I'm reading the article "Rationale for Adding Hash Tables to the C++ Standard Template Library" , and I don't understand this seemingly simple statement:

With hash tables, the amount of extra memory required depends on the organization of the table and on the load factor (whose denition also depends on the organization). The simplest case is the organization called open addressing, in which all entries are stored in a single random-access table. [...] In this case the amount of memory used per entry is M/α.

*M is the number of bytes required for the key and associated value, α is the load factor.

Why is it M/α? Why isn't it simply M+(amount of memory for each bucket * total buckets)?

In open addressing, you have a fixed-sized array of slots into which the elements are distributed. This is just a plain array with space for elements and (optionally) some control bits thrown in to mark which slots are full and which are empty.

Let's say that we have a table with s slots and that we want to distribute n elements into the table.

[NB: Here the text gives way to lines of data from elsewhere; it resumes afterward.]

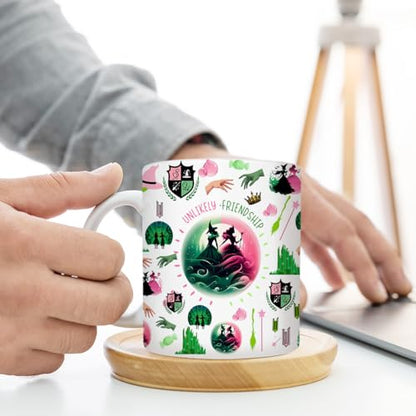 Witch Coffee Mug Broadway Musical Elphaba Glinda Gift 11 oz Ceramic Cup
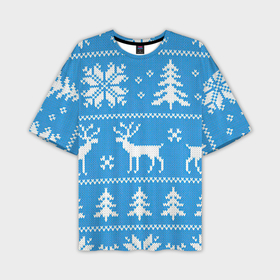 Мужская футболка OVERSIZE 3D с принтом Зимняя дикая лесная ночь в Новосибирске,  |  | арт | вязаный рисунок | вязь | ёлка | ёлки | ель | лес | новый год | ночь | олени | олень | рисунок | рождество | снег | снеговик | снеговики | снежинка | снежинки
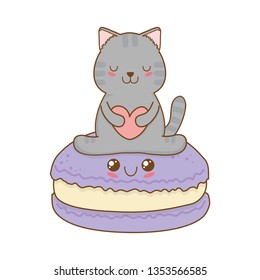 cute little cat with cookies kawaii character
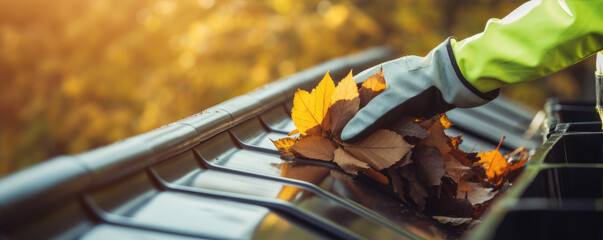 Autumn leaves work . Cleaning roof gutter from fallen leaves.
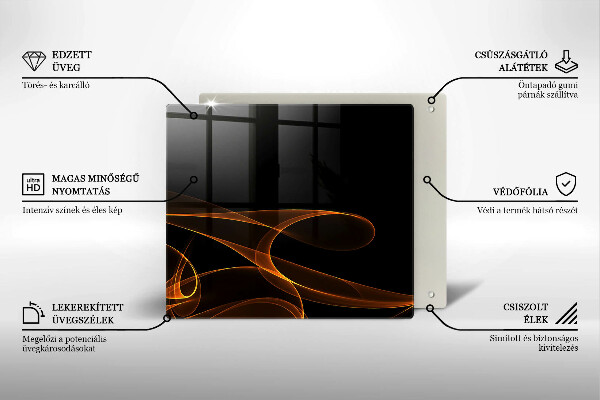 Glass worktop saver Abstract lines
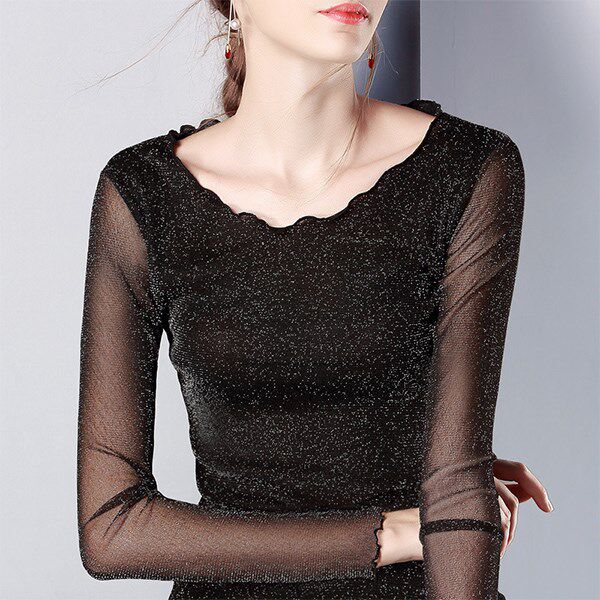 木耳边网纱打底衫女薄款内塔长袖2020秋装新款大码女士t恤上衣女|msdalam kategori Butik wanita / wanita, baju-T - dari Buy2taobao.com untuk memberikan perkhidmatan ejen Taobao profesional membeli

This means that α = n / s, the number of elements divided by the number of slots. The space usage of the entire table is then sM, because there are s slots and each slot uses M bytes. Therefore, if we want to compute the memory used per element, we want to compute sM / n = M / (n / s) = M / α, which is where the formula comes from. Intuitively, this makes sense. If you have a single element in the table, the load factor is 1 / s and the total memory (Ms) divided by the number of elements (1) is therefore Ms. On the other hand, if the table is fully-loaded (n = s), then α = 1 and the total memory (Ms) divided by the number of elements (s) is equal to M.

You're on the right track in your calculation by looking at the amount of memory per bucket and multiplying that by the number of buckets. If you treat M as the size per element and s as the number of slots, you end up with a total space usage of Ms. (There's no need to add the M term in, and doing so actually gives you the wrong units: M has units "bytes per element" and Ms has units "bytes," so they shouldn't be added together).